Let’s talk about what went wrong.
1) Launch was disorganized. This is PEPSI mind you. As an proposed project, no one was told at what time the contest was going live (8AM EST? 3PM PST). In fact when I filled out the form, I did get a confirmation screen but no email and no correspondence at all the past month. I assumed my project was accepted but couldn’t be sure. The site only said that voting would launch 8/2, not what time. I saw some projects start promoting in the morning, before it launched telling people to get ready. By my accounts, it went live around 10AM. I was given this extension to use in promoting the site: http://refresheverything.com/votenow (I chose the votenow when I filled out the form, most people put their organization’s name) and then on the live page, this was the shortcode: http://pep.si/cwPSej.
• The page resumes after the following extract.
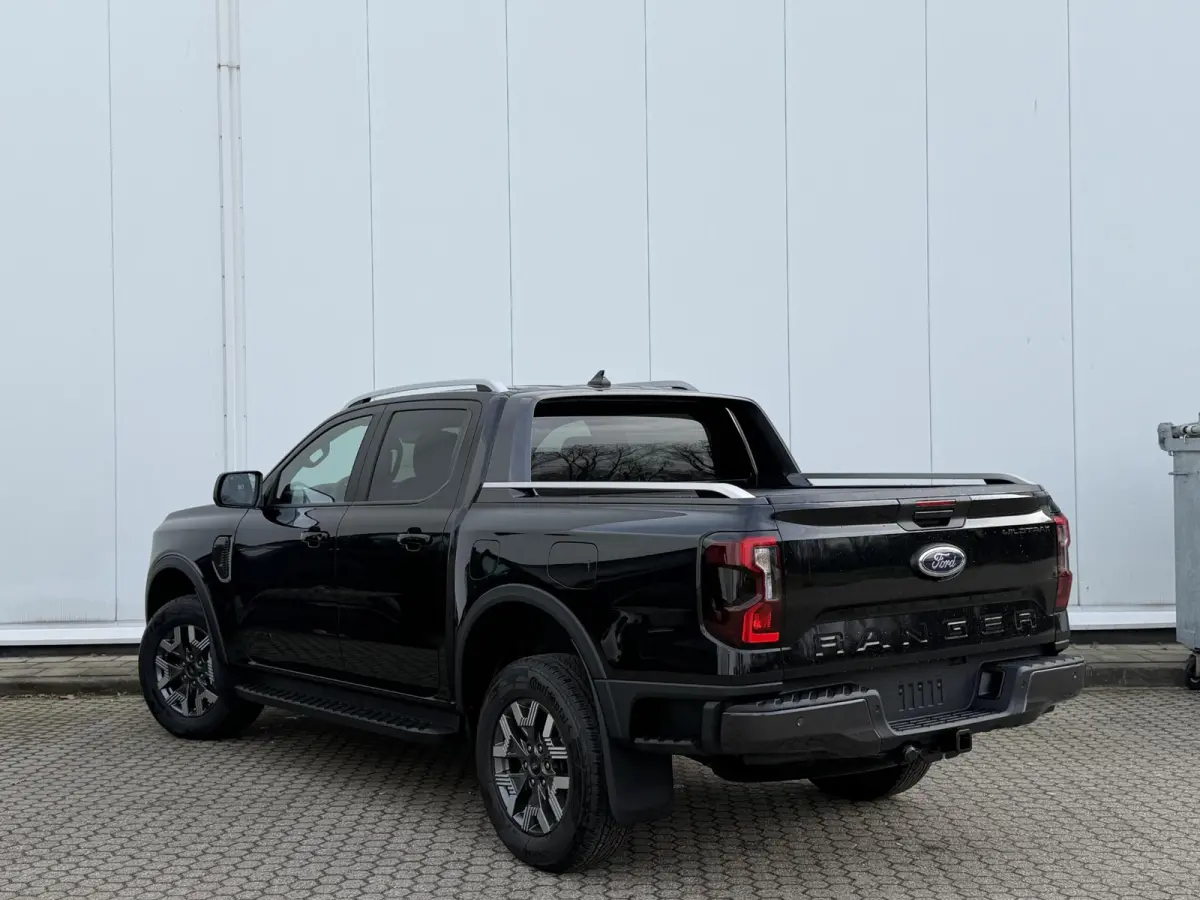 Wildtrak PHEV | DIRECT LEVERBAAR |  278PK | Trekhaak | Blis | 12" Infotainment scherm met SYNC 4 | Elektrisch 8-weg verstelbare en verwarmbare stoelen | 18" Lichtmetalen velgen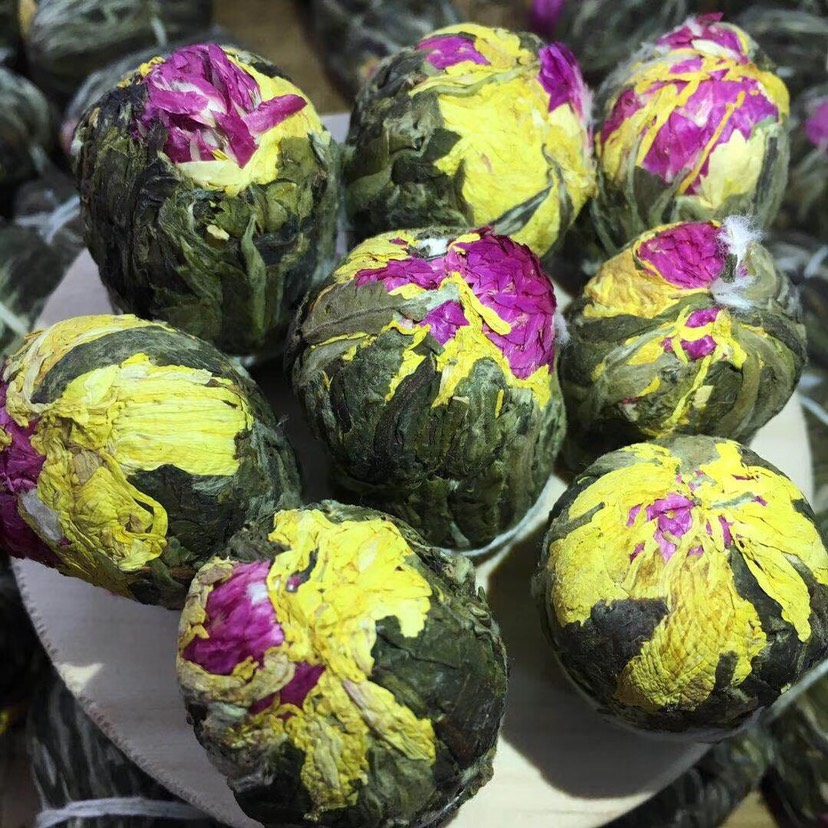 茶花茶 爆款新品《金丝皇菊·双戏珠》品一壶白茶，赏一番好景双龙戏珠，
2) Site was unstable the first 48 hours. Everyone who knows about these contests knows that you have to get ahead early. Since one of their pulldown menus is “Current Leaders” projects want to get their fans voting from the very second the flood gates open to get their votes up. This means that marketing strategies are done in advance of the launch if you’re good and know what’s up. For me, this was built into the second series of Gulf Coast Benefits happening on August 25th. When we were building this second series of benefits, there were three calls to action: Attend, Donate or Vote. 100% of this effort is volunteered time from experts in the cause space who agreed to push out the Gulf Coast Benefit shortcode once it was live and use in their own blog posts and across the web. The site worked fine the first few hours, then this happened:
Uhm, sorry? I looked around at other projects I was supporting and some worked, some didn’t I tried the full URL and the shortcode given to me by Pepsi. Same error. A few hours later, everything seemed fine again and so we all thought it was a slight glitch.
We were wrong.
By Tuesday morning, the links we were given were rendered useless by that error page. Let me tell you what I had done in the meantime and where I had put those wrong links:
- Changed my email signature on my three emails inboxes
- Created customized away messages for all three acconts
- Updated my status on the 4 Facebook accounts I’m admininstrator on
- Updated my Facebook profiles
- Updated my Twitter profile
- Updated all three Gchat status messages and my Skype status update
- Voted for 10 projects and left a comment with a link to my project
- Left comments for 10 other projects supporting them and leaving a link to my project
- Emailed 145 of my closest and most high profile friends with a plea for their help with the links
- Written 3 blog posts
- Posted a link to my weekly newsletter going to thousands.
- Posted 50+ direct messages to friends asking for a retweet about my campaign
- Gchated with 10 friends asking them to support my campaign.
(This doesn’t even take into account the personal support I’ve given the campaign, the blog posts I’ve written encouraging people to submit ideas and support the initiative – all of which is frankly, now an embarrassment).